Japanese ramen chef (born 1923)

Fuku Amagawa (born 1923) is a Japanese ramen chef. She has run her family restaurant, Ginkatei, since 1965. She gained widespread media attention for continuing to cook at the restaurant herself, which she is still doing as of 2026 at the age of 103. She is one of the world's oldest ramen chefs.
==Biography==
Amagawa was born in 1923 in what is now Fujioka City, and had three younger siblings, who she grew up caring for. She attended a girls' school and planned to become a housewife, but most young men were at war, so she instead became an office worker at a bus company.

She was passionate about movies and would travel to watch them, and so in 1949, she had an arranged marriage to a man whose family ran the local movie theater. She helped run the theater through the 1950s and early 1960s. However, soon color television reduced the popularity of movie theaters.

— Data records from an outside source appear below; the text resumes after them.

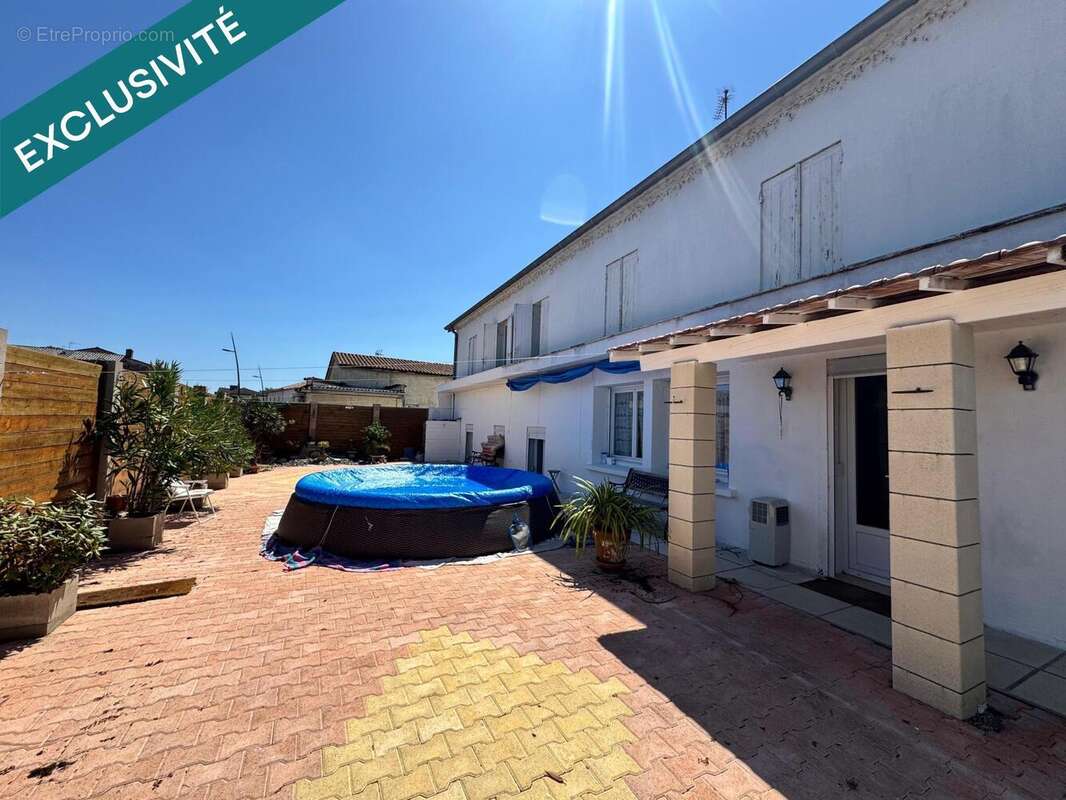Maison 400 m² à Fauguerolles  - photo 2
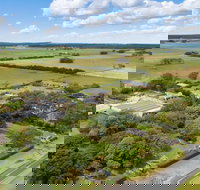 The Barn - Holiday Sunshine Coast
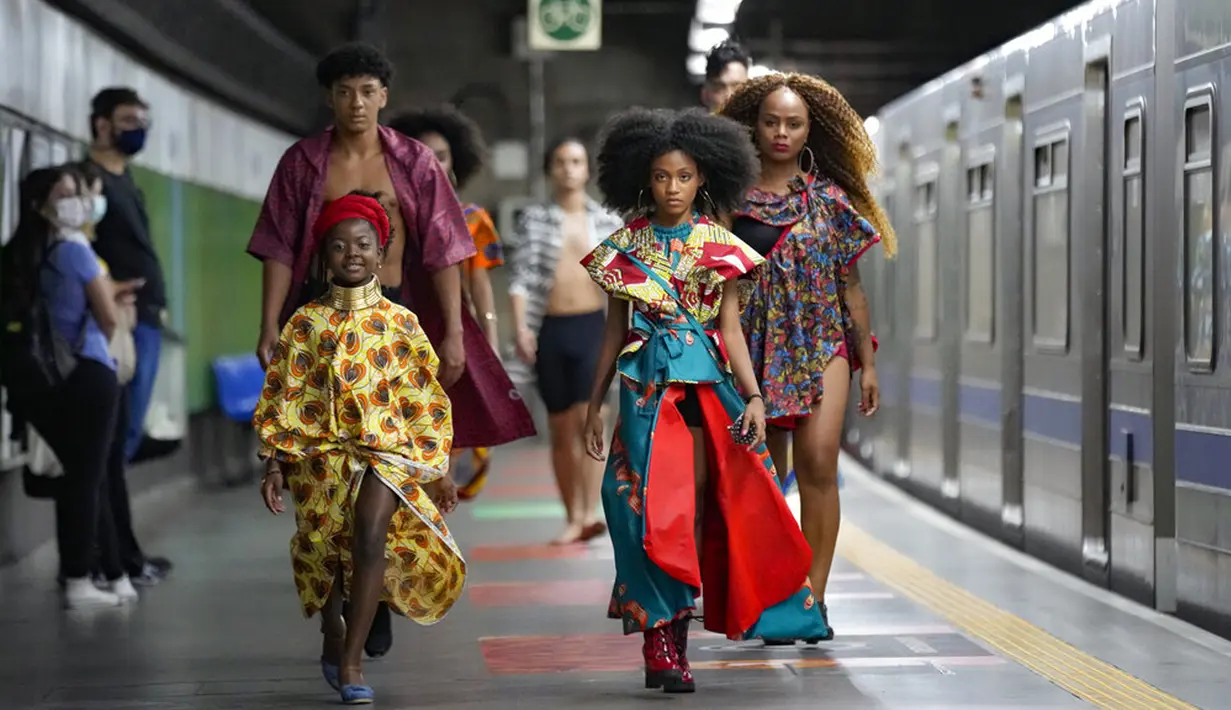 Model mengenakan pakaian yang dirancang oleh siswa dari komunitas Afro-Brasil jelang Hari Kesadaran Kulit Hitam dalam stasiun kereta bawah tanah di Sao Paulo, Brasil, 19 November 2021. Hari Kesadaran Kulit Hitam diperingati setiap tahun pada 20 November. (AP Photo/Andre Penner)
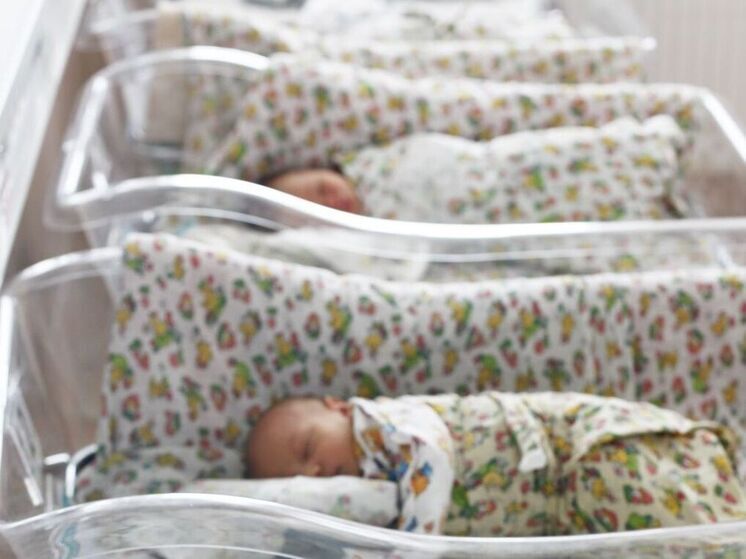 В реанимации Новокузнецкого роддома остаются четверо младенцев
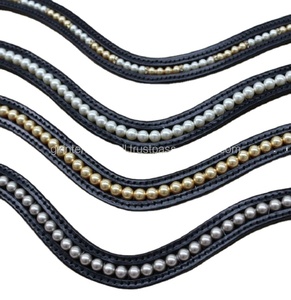 แถบคิ้วหนังรูปคลื่นพร้อมแถบคาดคิ้วประดับมุกและเพชรประดับมุก - Product Image 1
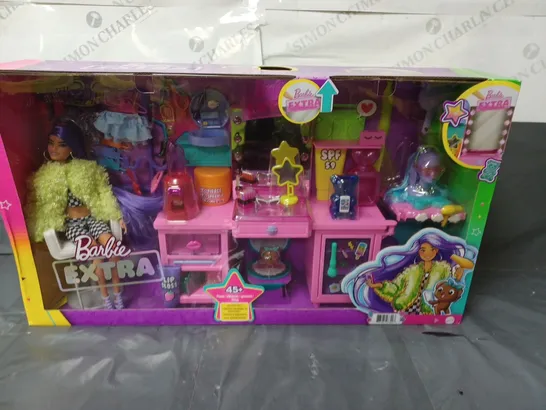 BARBIE EXTRA DOLL AND PLAYSET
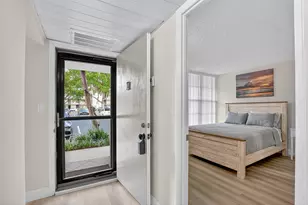 8 Royal Palm Way, Boca Raton, FL 33432 - Photo 4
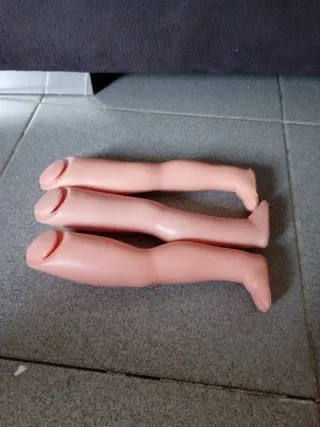 3 Piernas Muñeco Lucas y Nancy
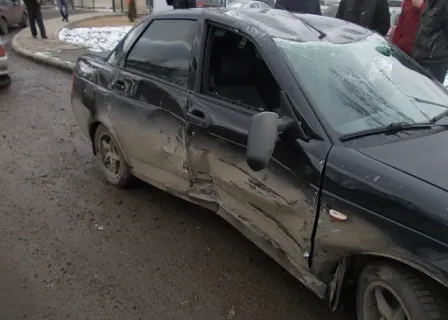 В Ярославле Лада «Приора» после столкновения с «десяткой» перевернулась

In 1964 she trained in cooking at Takasaki, where she learned how to make ramen and fried rice. She and her husband, a talented cook, then opened a restaurant, Ginkatei, in the movie theater. They also catered events at the town hall. A few years later, a fire destroyed the theater section, and they focused on the restaurant.

Her husband died in 2003, and she considered closing the restaurant, but she ultimately decided to keep the restaurant open, supported by her children. She began gaining attention at the age of 100 for continuing to work at her restaurant, furthered by Takuya Kimura, who she was a longtime fan of, bringing his television show to her restaurant. She soon had to restrict entry due to crowds. She also placed a life-sized cutout of herself in front of her restaurant, which many people come to see and take photos in front of. Lines form before the restaurant opens.

As of 2025, she worked at her restaurant six days a week, one hour a day, cooking ramen. By 2026, she had reduced that to five days a week. She is one of the world's oldest active ramen chefs. Her signature dish is a ramen with chicken broth and soy sauce. She is known to do squats while boiling ramen noodles, and began strength training at 101.